Two friends, Stan and Eric, get up early and meet down at the quayside, having hired a boat to go sea fishing. They plan to spend the whole day on the ocean and Eric, being the less experienced fisherman, is especially excited at the prospect. They take the boat out of the harbour, switch off the engine, bait their hooks and cast into the deep. Several hours go by and neither man has any luck at all. Not a single tug on either fishing line. Eric becomes more and more impatient. This isn’t what he signed up for. Stan tells him not to worry. It’s often like this, but part of the fun of fishing is that you never know what may bite. Eric, unable to hide his disappointment, disagrees and sure enough by sunset they return home without a single fish to show for their pains.
A week later Stan phones Eric to invite him out again, assuring his friend that this time they are bound to have better luck. Eric accepts the invite but insists that this time they should take no chances. He knows of a place where salmon are farmed. They are reared and kept in a pen until large enough to be sold to a supermarket chain. For a small fee you can get one step ahead of Tescos, because everything you catch you can take home with you. Stan just laughs at the thought. He’ll take his chances on the ocean.
I recently came back from a retreat at which I was teaching the three Principles of Mind, Consciousness and Thought. It always amazes me at these events how new insights come quite effortlessly, to everyone in the room, including me. No matter how complete I imagine my understanding of the Principles to be, new thoughts, new insights are never far away. In fact it often feels as though my ‘students’ are teaching me, and not the other way around. I put this down to a newfound willingness on my part to let go of the notion of teaching and simply share my feelings, trusting that Mind will guide me, and everyone else in the room, towards an understanding of the Principles.
Traditional methods of teaching don’t work this way. Knowledge resides in the mind of the teacher, and the students are there to absorb it, or perhaps question it. But if you know, beyond any doubt, that all human beings share the same inner wisdom, the dynamic is very different. Anyone in the room can have a new thought, based on their own experience but prompted by the group discussion, and that thought can often be profound, shifting everyone’s consciousness to a new level, even mine.
I was driving home from the retreat when a thought popped into my head unannounced.
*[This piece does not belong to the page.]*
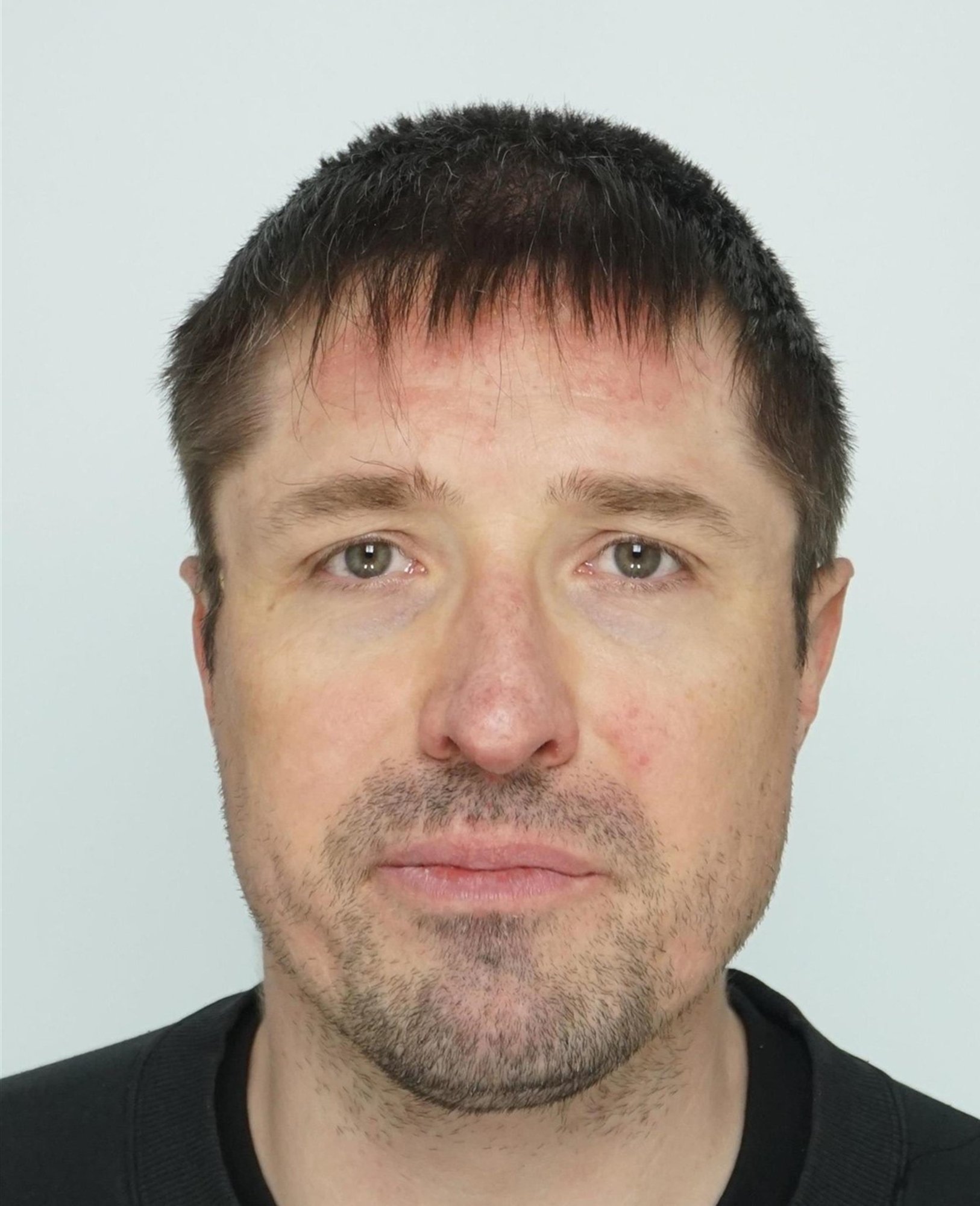 FOTO | Politsei otsib Pärnu jõel kadunud 42-aastast Martinit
I had a sudden vision of a fish-tank. I’ve used the metaphor of fishing many times in my coaching to get across the idea of the Three Principles. The ocean is Mind, the fishing rod is our connection to it, (or Consciousness), and the fish represent Thought. The ocean has no boundaries, so when we cast our line we have no idea what we will catch, or if we will catch anything at all. It occurred to me that a human being with set ideas, unable to quiet their mind long enough to have a new thought, is like a fisherman who, instead of the boundless ocean, casts into his or her personal ‘fish-tank’ of thoughts. They know what’s in there, and they are comforted by the certainty of what they will catch. But that certainty, that sense of comfort, is the very thing that’s holding them back, shutting out new thoughts as surely as the glass of the fish-tank stops the fish from escaping.
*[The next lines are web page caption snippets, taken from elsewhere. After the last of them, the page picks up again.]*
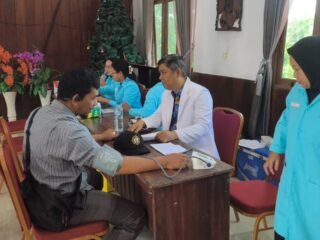 Polres Asmat Sumbangkan 23 Kantong Darah dalam Bakti Kesehatan Hari Bhayangkara ke-80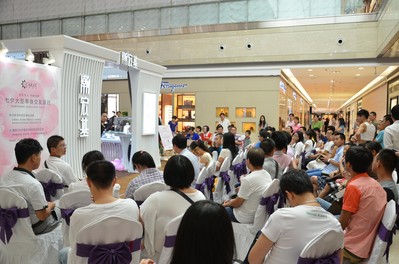 七夕，數(shù)百名單身男女齊聚“克拉女人”現(xiàn)場，讓珍愛相擁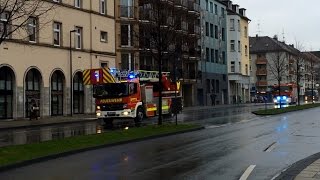 Löschzug Berufsfeuerwehr Wuppertal Barmen mit Elberfelder DLK [upl. by Aisak]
Wisdom is inside each one of us, but we have to be open to it. We have to allow it to come to the surface in its own time. Meditation will help this process along. Hearing, and sharing, the message of the Three Principles that underlie all human experience is the best way to have a new thought, and possibly bring about a transformation in your life.
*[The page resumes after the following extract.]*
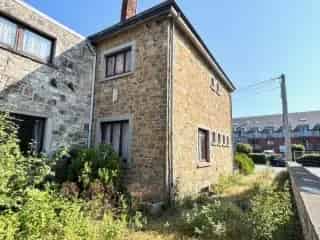 Huis te koop Hotton 220m² 3 slaapkamers tuin garage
Eric fished for salmon all day and caught more than a dozen. However, after the pleasure of catching his first one he quickly became bored, (just as his wife did later on with the taste of salmon). Stan caught a couple of red snappers in the morning then hooked a young thresher shark, which nearly capsized his boat before it got away. In the afternoon he drifted with the tide and watched the sun slowly set. A perfect day’s fishing.